Records for processing:

#####

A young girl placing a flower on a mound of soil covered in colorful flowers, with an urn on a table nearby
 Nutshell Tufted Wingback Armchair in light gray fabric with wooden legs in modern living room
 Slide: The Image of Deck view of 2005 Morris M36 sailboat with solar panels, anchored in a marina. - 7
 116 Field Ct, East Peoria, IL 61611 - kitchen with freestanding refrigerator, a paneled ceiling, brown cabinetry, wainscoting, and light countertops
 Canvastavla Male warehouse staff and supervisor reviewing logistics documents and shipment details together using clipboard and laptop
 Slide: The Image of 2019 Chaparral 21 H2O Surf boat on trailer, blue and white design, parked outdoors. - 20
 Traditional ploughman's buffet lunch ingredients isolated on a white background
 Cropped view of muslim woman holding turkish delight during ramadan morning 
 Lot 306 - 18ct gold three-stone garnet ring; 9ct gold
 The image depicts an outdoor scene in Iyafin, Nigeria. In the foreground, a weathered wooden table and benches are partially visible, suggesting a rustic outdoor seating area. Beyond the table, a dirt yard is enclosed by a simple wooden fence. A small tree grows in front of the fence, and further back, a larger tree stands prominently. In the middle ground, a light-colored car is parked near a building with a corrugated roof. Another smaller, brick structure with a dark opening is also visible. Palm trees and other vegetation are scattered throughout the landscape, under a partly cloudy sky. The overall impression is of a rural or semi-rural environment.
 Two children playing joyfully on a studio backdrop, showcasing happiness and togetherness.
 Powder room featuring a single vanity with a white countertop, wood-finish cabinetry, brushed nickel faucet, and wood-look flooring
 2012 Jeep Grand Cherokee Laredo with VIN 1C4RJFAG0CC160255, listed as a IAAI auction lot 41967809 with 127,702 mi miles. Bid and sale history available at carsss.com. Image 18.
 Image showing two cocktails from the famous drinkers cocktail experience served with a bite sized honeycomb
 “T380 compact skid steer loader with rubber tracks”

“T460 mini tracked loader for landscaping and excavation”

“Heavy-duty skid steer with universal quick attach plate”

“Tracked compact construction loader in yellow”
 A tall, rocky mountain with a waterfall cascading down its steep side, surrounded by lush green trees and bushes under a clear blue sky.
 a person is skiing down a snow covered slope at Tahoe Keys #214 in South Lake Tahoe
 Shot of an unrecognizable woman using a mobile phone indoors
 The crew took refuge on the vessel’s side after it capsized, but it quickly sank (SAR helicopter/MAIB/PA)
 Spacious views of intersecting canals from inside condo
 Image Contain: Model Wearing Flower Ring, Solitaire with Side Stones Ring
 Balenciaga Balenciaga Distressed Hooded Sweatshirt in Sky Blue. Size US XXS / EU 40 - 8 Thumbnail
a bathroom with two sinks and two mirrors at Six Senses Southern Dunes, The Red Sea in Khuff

#####

Directions: Every line of the data above should be output exactly as written.

Solution to this exercise:
A young girl placing a flower on a mound of soil covered in colorful flowers, with an urn on a table nearby
 Nutshell Tufted Wingback Armchair in light gray fabric with wooden legs in modern living room
 Slide: The Image of Deck view of 2005 Morris M36 sailboat with solar panels, anchored in a marina. - 7
 116 Field Ct, East Peoria, IL 61611 - kitchen with freestanding refrigerator, a paneled ceiling, brown cabinetry, wainscoting, and light countertops
 Canvastavla Male warehouse staff and supervisor reviewing logistics documents and shipment details together using clipboard and laptop
 Slide: The Image of 2019 Chaparral 21 H2O Surf boat on trailer, blue and white design, parked outdoors. - 20
 Traditional ploughman's buffet lunch ingredients isolated on a white background
 Cropped view of muslim woman holding turkish delight during ramadan morning 
 Lot 306 - 18ct gold three-stone garnet ring; 9ct gold
 The image depicts an outdoor scene in Iyafin, Nigeria. In the foreground, a weathered wooden table and benches are partially visible, suggesting a rustic outdoor seating area. Beyond the table, a dirt yard is enclosed by a simple wooden fence. A small tree grows in front of the fence, and further back, a larger tree stands prominently. In the middle ground, a light-colored car is parked near a building with a corrugated roof. Another smaller, brick structure with a dark opening is also visible. Palm trees and other vegetation are scattered throughout the landscape, under a partly cloudy sky. The overall impression is of a rural or semi-rural environment.
 Two children playing joyfully on a studio backdrop, showcasing happiness and togetherness.
 Powder room featuring a single vanity with a white countertop, wood-finish cabinetry, brushed nickel faucet, and wood-look flooring
 2012 Jeep Grand Cherokee Laredo with VIN 1C4RJFAG0CC160255, listed as a IAAI auction lot 41967809 with 127,702 mi miles. Bid and sale history available at carsss.com. Image 18.
 Image showing two cocktails from the famous drinkers cocktail experience served with a bite sized honeycomb
 “T380 compact skid steer loader with rubber tracks”

“T460 mini tracked loader for landscaping and excavation”

“Heavy-duty skid steer with universal quick attach plate”

“Tracked compact construction loader in yellow”
 A tall, rocky mountain with a waterfall cascading down its steep side, surrounded by lush green trees and bushes under a clear blue sky.
 a person is skiing down a snow covered slope at Tahoe Keys #214 in South Lake Tahoe
 Shot of an unrecognizable woman using a mobile phone indoors
 The crew took refuge on the vessel’s side after it capsized, but it quickly sank (SAR helicopter/MAIB/PA)
 Spacious views of intersecting canals from inside condo
 Image Contain: Model Wearing Flower Ring, Solitaire with Side Stones Ring
 Balenciaga Balenciaga Distressed Hooded Sweatshirt in Sky Blue. Size US XXS / EU 40 - 8 Thumbnail
a bathroom with two sinks and two mirrors at Six Senses Southern Dunes, The Red Sea in Khuff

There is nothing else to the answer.